Mike Harding | 17:08 UK time, Wednesday, 6 May 2009

My guest blogger this week is the inimitable Jon Boden.

You can hear an interview with Jon as well as tracks from his brand new solo album Songs From The Floodplain on the Mike Hardind shownext Wednesday, 13 May at 1900.

Jon Boden writes:

It is with significant effort of will that I am prising myself away from the excellent new biography of Tom Waits, 'Lowside of the Road' by Barney Hoskyns in order to write this blog.

I first came across Waits aged 13 or so and since then his presence in my life has been as constant as that of traditional music, which I began to discover at around the same time.

Despite knowing 90% of his music inside out I was only dimly aware of the details of his life and was more than a little nervous that reading a biography would somehow undermine the magic of his music - particular given Waits's own objections to the biography being written.

In fact, coming to see that the God-like genius of the Waits output comes from a real, in some respects quite ordinary human being, is really inspiring.

"Ordinary" I say - and that may be the case now but I hadn't quite realised the extent to which Waits created a "Jazzbo" image for himself and lived the character 24/7 for getting on for a decade during the Seventies.

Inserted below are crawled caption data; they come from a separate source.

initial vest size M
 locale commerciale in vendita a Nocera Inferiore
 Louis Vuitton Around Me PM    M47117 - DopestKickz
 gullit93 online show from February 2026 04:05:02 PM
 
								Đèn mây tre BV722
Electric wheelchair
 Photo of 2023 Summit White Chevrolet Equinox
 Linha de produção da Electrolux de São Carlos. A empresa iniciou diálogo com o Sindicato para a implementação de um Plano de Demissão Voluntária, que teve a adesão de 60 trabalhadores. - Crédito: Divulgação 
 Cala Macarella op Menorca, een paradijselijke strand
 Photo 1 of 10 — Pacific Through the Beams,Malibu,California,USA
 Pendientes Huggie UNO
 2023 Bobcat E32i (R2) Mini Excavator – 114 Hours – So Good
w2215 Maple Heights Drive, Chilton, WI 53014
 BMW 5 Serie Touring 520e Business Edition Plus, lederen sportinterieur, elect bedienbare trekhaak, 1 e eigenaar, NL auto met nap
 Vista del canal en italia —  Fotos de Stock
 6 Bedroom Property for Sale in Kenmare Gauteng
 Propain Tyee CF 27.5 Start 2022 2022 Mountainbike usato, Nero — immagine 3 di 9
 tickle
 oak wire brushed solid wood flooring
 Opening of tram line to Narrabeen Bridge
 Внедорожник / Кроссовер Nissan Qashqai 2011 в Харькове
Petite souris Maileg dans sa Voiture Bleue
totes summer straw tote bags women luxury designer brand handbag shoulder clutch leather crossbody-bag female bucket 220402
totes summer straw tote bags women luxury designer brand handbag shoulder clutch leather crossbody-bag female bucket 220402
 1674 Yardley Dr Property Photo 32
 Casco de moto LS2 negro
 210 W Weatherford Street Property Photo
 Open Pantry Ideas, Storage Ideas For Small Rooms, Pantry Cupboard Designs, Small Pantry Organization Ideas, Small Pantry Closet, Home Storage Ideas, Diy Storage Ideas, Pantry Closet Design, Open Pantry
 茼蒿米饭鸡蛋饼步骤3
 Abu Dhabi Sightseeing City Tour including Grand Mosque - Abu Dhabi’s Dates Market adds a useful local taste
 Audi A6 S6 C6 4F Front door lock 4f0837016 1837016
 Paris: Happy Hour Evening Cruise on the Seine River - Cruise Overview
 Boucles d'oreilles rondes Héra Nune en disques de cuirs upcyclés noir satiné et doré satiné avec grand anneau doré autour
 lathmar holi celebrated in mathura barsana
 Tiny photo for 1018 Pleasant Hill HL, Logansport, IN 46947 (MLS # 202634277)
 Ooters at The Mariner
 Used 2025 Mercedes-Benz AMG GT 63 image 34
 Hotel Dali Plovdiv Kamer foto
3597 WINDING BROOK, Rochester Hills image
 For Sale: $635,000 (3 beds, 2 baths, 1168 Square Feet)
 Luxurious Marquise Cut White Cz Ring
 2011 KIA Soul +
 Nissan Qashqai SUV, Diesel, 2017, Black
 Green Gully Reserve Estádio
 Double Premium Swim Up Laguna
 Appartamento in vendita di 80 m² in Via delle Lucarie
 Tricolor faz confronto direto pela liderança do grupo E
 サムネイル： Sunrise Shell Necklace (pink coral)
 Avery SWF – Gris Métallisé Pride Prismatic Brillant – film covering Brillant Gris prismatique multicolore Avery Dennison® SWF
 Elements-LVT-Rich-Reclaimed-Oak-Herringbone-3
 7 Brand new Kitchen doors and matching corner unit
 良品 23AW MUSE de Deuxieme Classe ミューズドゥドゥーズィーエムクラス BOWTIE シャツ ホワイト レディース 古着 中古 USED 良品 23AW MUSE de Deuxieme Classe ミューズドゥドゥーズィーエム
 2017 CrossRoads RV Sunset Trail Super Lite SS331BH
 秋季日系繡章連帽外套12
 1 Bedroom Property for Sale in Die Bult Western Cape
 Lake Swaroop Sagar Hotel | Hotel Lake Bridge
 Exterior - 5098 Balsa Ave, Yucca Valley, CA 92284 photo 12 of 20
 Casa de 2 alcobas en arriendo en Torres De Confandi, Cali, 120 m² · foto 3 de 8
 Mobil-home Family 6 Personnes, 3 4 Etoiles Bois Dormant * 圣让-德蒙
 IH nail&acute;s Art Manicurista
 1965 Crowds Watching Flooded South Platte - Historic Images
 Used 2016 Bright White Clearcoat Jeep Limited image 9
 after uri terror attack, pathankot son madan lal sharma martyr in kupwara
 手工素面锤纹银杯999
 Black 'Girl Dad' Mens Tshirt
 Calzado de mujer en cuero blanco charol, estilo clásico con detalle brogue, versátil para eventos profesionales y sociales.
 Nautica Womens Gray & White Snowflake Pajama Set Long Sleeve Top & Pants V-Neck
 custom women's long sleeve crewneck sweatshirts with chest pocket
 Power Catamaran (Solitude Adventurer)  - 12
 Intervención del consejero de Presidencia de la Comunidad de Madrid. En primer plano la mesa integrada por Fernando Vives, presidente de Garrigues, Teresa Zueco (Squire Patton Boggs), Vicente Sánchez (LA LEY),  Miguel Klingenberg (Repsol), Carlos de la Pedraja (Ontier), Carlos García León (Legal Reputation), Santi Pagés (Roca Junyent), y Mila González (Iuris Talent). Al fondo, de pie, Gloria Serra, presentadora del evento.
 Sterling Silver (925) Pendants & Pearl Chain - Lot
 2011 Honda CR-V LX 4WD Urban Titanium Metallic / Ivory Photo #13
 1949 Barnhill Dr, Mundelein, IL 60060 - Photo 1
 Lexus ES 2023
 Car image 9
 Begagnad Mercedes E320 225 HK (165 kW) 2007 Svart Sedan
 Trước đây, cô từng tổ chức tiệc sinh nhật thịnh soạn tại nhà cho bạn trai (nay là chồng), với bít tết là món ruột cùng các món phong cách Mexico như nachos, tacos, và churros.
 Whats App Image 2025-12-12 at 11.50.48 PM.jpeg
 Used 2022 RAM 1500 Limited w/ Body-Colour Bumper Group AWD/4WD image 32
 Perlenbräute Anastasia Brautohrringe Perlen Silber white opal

I'm always interested in the question of "self-fashioning" since it is such a central part of being a pop or rock musician, and yet is anathema to the folk musician.

Audience members who are new to the folk scene are always amazed to see the artist out front flogging their own CDs, yet acclimatised folk fans would probably be faintly put-out if the artists didn't do so.

I guess this lack of self-fashioning may be a by-product of a greater contradiction at the heart of the folk-scene.

The music is social music at core, and the 60s scene was built on a desire to restore social music-making to a more healthy level.

This largely failed and the scene instead became a range of performance venues, from the folk club to the concert hall.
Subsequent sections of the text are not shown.